Body-swap comedies have been a staple of Hollywood ever since Friday first got freaky in 1976. What will come as a surprise to anyone who thinks that all the possibilities of the genre had been exhausted in films such as All of Me, Big and Vice Versa (based on the 1882 novel of the same name by F Antsey that is often referred to as the original body-swap story) is that 17 Again offers something new. The most obvious novelty, especially for adults immune to the High School Musical phenomenon, is the impossibly good-looking Zac Efron, who graduates in this film from teen idol to bona fide star. Normally, stories such as Big and 13 Going on 30 have to rely on an established performer, such as Tom Hanks or Jennifer Garner, to carry the movie.
These films usually begin with children magically becoming an adult version of themselves. The tale then demonstrates how unleashing the child inside can be of enormous benefit. 17 Again takes a different tack by lambasting adults who have failed to grow up. Indeed, in the case of Matthew Perry's Mike O'Donnell, he has regressed. The action starts with the 17-year-old Mike (Efron) being watched by basketball scouts in the big match of the season. However, he abandons his ball-playing dream to support his partner, Scarlett (Alison Miller), in her moment of need. Jump forward to the present day and Mike (Perry) is a father unhappily married to Scarlett (Leslie Mann). When he is forced out of the family home to live with his best pal, Ned (Thomas Lennon), Mike wonders whether he made the right choice when he abandoned his basketball dream. The time to suspend belief arrives when a school janitor miraculously lets Mike have his dream and turns him back into his 17-year-old self. For those not yet blessed with the opportunity of seeing Hollywood's hottest young star in action, Efron is like a modern-day Rob Lowe, all cheekbones and dreamy ocean-coloured eyes and a smile that would melt steel. Having previously shown that he can dance with the best of them, Efron now proves that he can act as well.

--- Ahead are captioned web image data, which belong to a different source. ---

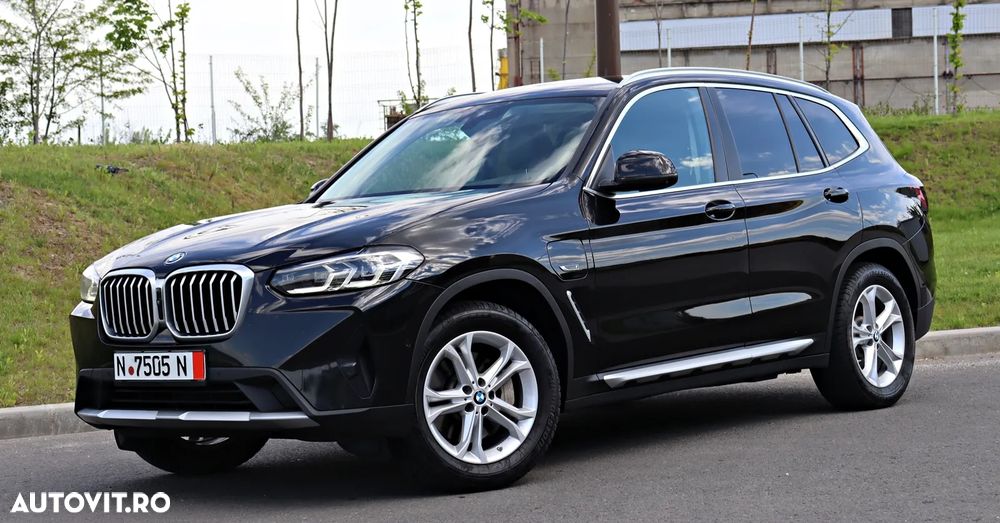 BMW X3 xDrive30e Aut. xLine - 4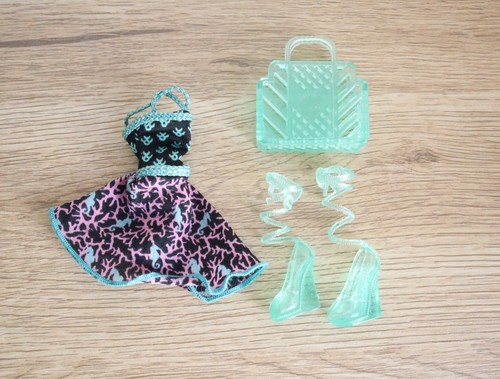 Monster high lagoona blue - , pack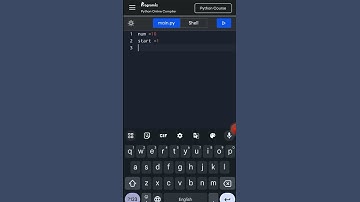 numbers 1 to 10 using while Loop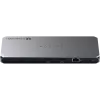 Satechi Thunderbolt 4 Dock ST-DT4MDM-EU — Thunderbolt 4 dokstacija, 2× HDMI 2.0, 2× USB-A 3.2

Here he is a revelation opposite Judd Apatow's real-life missus, Leslie Mann. He gets the right balance between innocence and animal drive as he attempts to prevent his "wife" from moving on with her life. Mann, excellent in Knocked Up, again shows why she is one of the funniest comedians working today. Although she can't quite work out what is so familiar about the teenage boy who has befriended her son, she is attracted by his familiarity and zest for life. Indeed, she remembers all the things that attracted her to Mike in the first place.

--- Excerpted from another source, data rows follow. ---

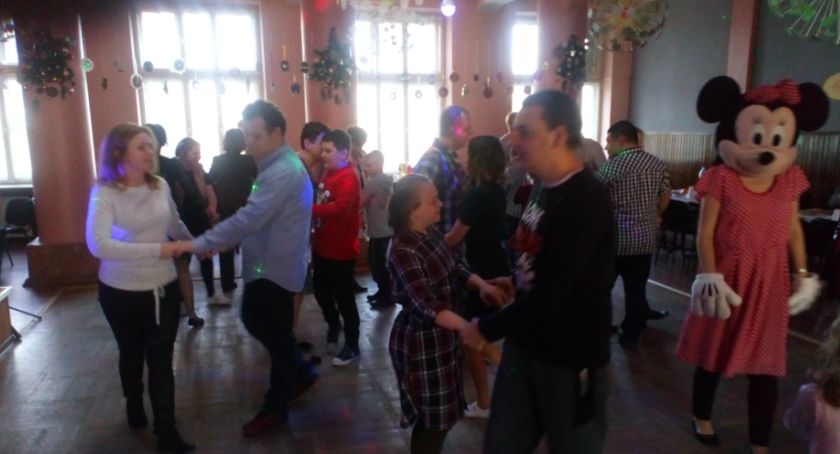 Przasnyski Bal Karnawałowy ze Świetlikiem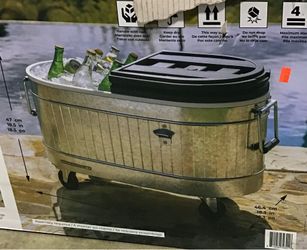 Cooler On Wheels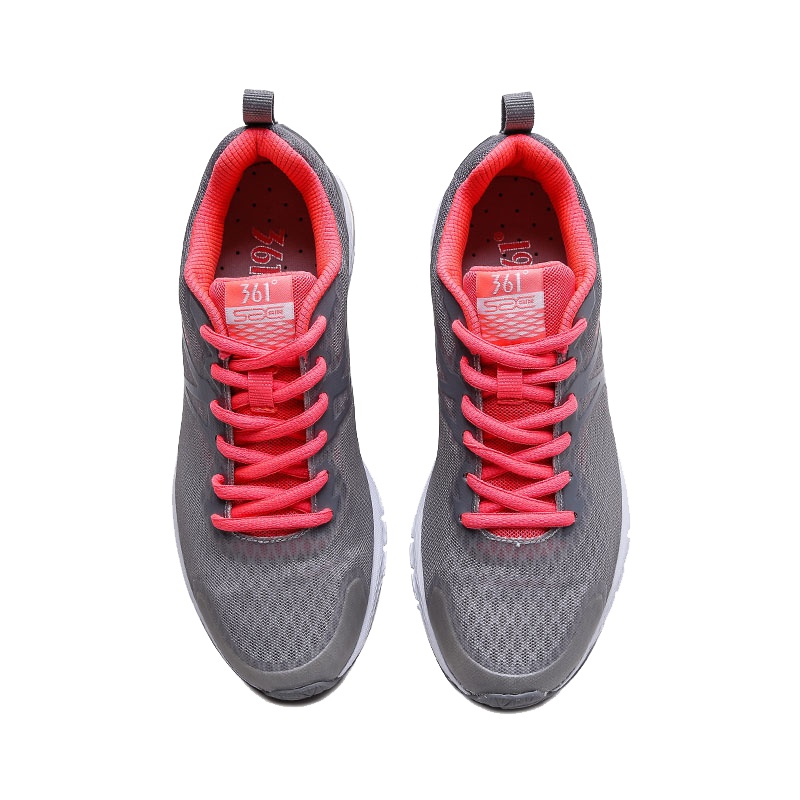 361度跑步鞋女鞋2019春夏季新款官正品361气垫鞋休闲鞋运动鞋女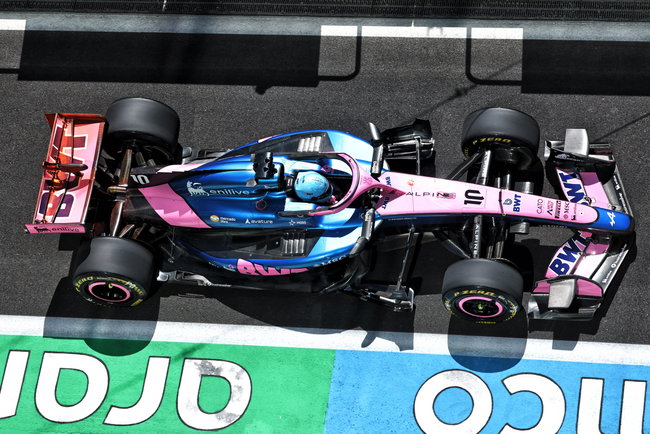 Motor Racing - Formula One World Championship - Spanish Grand Prix - Practice Day - Madrid, Spain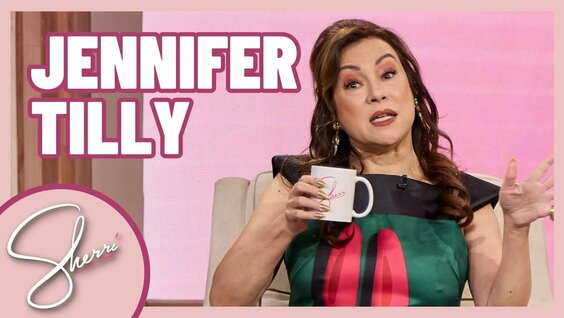 Дженнифер Тилли жалаңаш бейне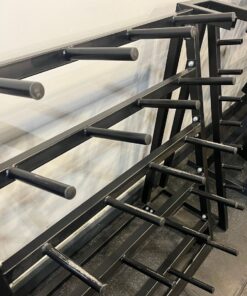 Bolt Strength Body Pump Storage Rack (20)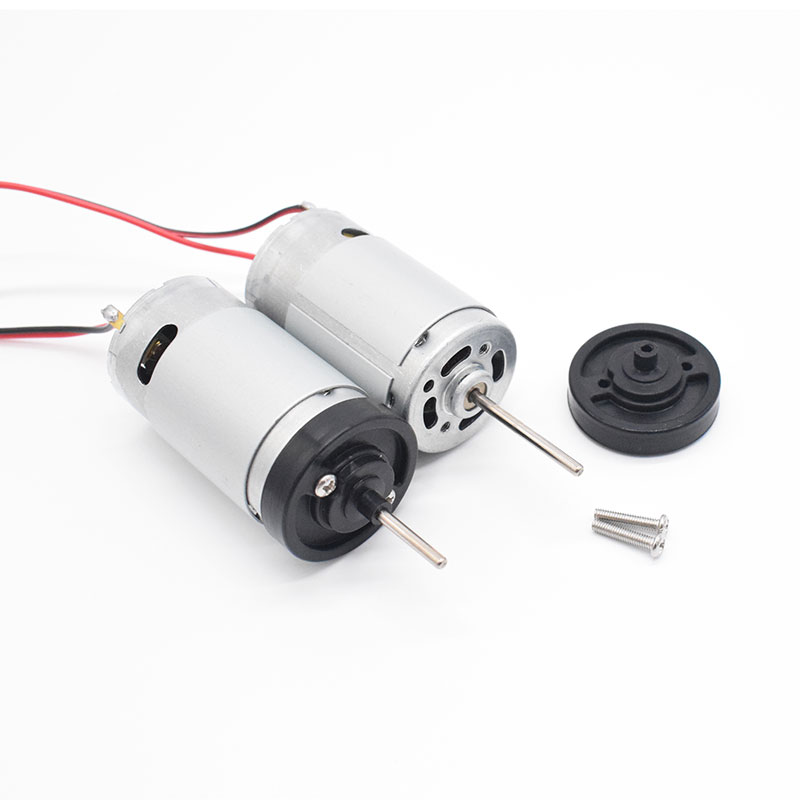 7.4V 8.4V Underwater Thruster  - Fishing Boat Trolling Motor ulasan dan harga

In many ways, the dilemma facing the young Mike is not too dissimilar to that facing Igby, in the director Burr Steers's film debut, Igby Goes Down: namely, how does a teenager cope in an adult world? Nonetheless, the biggest laughs in 17 Again are reserved for Mike's best friend, Ned. The scene in which he enrols his "son" in high school by trying to persuade the hard-nosed principal (Melora Hardin) of the merits of both Mike and himself is pure gold. Ned is the ultimate big kid revelling in the fact that he has the cash to live out his childhood dreams.

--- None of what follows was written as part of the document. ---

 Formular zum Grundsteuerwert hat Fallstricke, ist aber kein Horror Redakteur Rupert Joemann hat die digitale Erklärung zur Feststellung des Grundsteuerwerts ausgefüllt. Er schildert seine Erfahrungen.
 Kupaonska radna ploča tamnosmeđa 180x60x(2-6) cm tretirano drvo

Although the film has fun with all the clichés of the genre, if there is a fault it's that the plot is too predictable. Mike learns perhaps a tad more than he should about his teenage son and daughter, while beginning to understand the source of their foibles. He starts to appreciate his wife and to value all the little things in life that he had taken for granted. The final scene in which Mike is back on the basketball court is as predictable as a Michael Jordan slam-dunk. There are absolutely no narrative surprises and yet 17 Again works because it wears its heart on its sleeve without becoming overly sentimental. Plaudits must go to Steers, who never lets the laughs out of sight and playfully contrasts the serious romance between Mike and Scarlett with the played-for-laughs romantic antics of Ned as he tries to woo the principal. But ultimately, this will be remembered as Zac Efron's coming-of-age film.